As reported earlier, at least one prominent hedge fund manager, Dan Loeb, is very bullish on Sony (or at least has played his cards well enough to buy the stock 50% lower and is using today's ramp to offload to unwitting momentum chasers as he did with Herbalife). Whether he is merely using the opportunity to earn some activism brownie points on the background of the overall levitation of the Japanese stock market, or is genuinely convinced there is upside for Sony remains to be seen. However, anyone who thinks that Japanese corporates have no place to go but up, is kindly urged to take a look at one-time Japanese electronics titan Sharp, which posted a whopping loss of $5.36 billion, the biggest loss in the company's 100 year history.
To Abe's surprise, the plunge in the Yen was not nearly enough to offset such things as a collapse in quality, innovation, and overall demand for one's products. The only question is whether this will also be the case for other companies which have now lost all innovation and "coolness" leadership to Korean competitors such as Samsung and LG. In other words, will price competitiveness be sufficient to offset everything else going south?
As for Sharp, the company does what all companies do in a case when they can't boost revenue even when the central bank has made all their products relatively cheaper by 20%: blame management and the Chairman. From the WSJ:
After posting an annual net loss of ¥545 billion ($5.4 billion), the biggest in its 100-year history, Sharp Corp. said it plans to replace both its president and chairman after just one year in an unusually public rebuke of former management that underscores the depth of the struggling electronics maker's problems.

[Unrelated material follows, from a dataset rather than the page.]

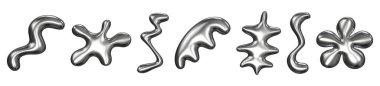 Krom sıvı y2k şeklinde. Farklı şişirilebilir şekillerde soyut sıvı metal grafik nesnelerinin üç boyutlu çizimi. Geometrik gümüş ya da cıva parlak kabarcık ya da amip kabarcığı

Sharp said Tuesday that Executive Vice President Kozo Takahashi, 58, will replace current President Takashi Okuda, who led the company during a tumultuous year in which it scrambled to secure capital and warned about its future.
Mr. Okuda will become a chairman without representative rights, replacing Mikio Katayama, a former president who oversaw Sharp's aggressive—but ultimately failed—expansion of its liquid-crystal-display TV-panel business. The changes will occur after Sharp's shareholders meeting June 25.
What precipitated Sharp's epic collapse? The same factors that have led to the general collapse of the entire Japanese export industry: letting South Korea outgun it in every area:
After years of record profit that catapulted it to the top of Japan's electronics sector, Sharp spent billions of dollars to build a state-of-the-art LCD plant in Japan. However, when demand for flat-screen televisions slowed in the wake of the financial crisis and the yen rose sharply—hurting the competitiveness of its exports—Sharp's losses ballooned.
Like its Japanese peers, Sharp also failed to match the operational speed or marketing might of Samsung Electronics Co. Sharp's televisions dominated in the domestic market, but it struggled to build the same type of brand appeal overseas. When the Japanese government eliminated subsidies encouraging domestic consumers to switch to new LCD models, it worsened Sharp's problems.
But what is more disturbing than boosting the top line, even with the BOJ's unprecedented assistance, is the company's balance sheet.
Sharp's financial situation remains worrisome. As of the end of March, it had nearly ¥2 trillion in liabilities, 10 times the amount of cash and cash equivalents on hand. The company's equity ratio, a measure of financial stability, is 6%. A ratio below 10% is considered dire. Crippled by two straight years of record losses, Sharp has been forced to turn to rivals Hon Hai Precision Industry Co. Ltd. and Samsung as well as chip maker Qualcomm Inc. for equity investments to shore up its finances. It is facing a ¥200 billion convertible bond redemption in September and an additional ¥130 billion in bond redemptions in 2014.
And the liquidity is just going from bad to worse:
Sharp said it exercised an additional credit facility of up to ¥150 billion from its main lenders, Mizuho Financial Group Inc. and Bank of Tokyo Mitsubishi UFJ. This additional borrowing is on top of a ¥360 billion credit line extended by the banks.
However, all of the above is just "reality" - and who cares about that in the New Normal. After all 4 years of constantly disappointing "reality" have merely pushed the G-0 central banks to ramp up their reflation efforts to unprecedented levels. And it is not reality that matters, but models - remember to an economist it is never a (DSGE) model that incorrect, it is reality that is wrong. So time to do more of the same, and in the meantime, boost optimism and hopium. That is the only thing the centrally-planned nomenkaltura has. Same with Sharp.
For the current year to March 2014, Sharp said it plans to return to the black with a net profit of ¥5 billion, an operating profit of ¥80 billion on revenue of ¥2.7 trillion.
And if it doesn't? Don't worry. It will just project profit for 2015.... Then for 2016... Then for 2017... And so on.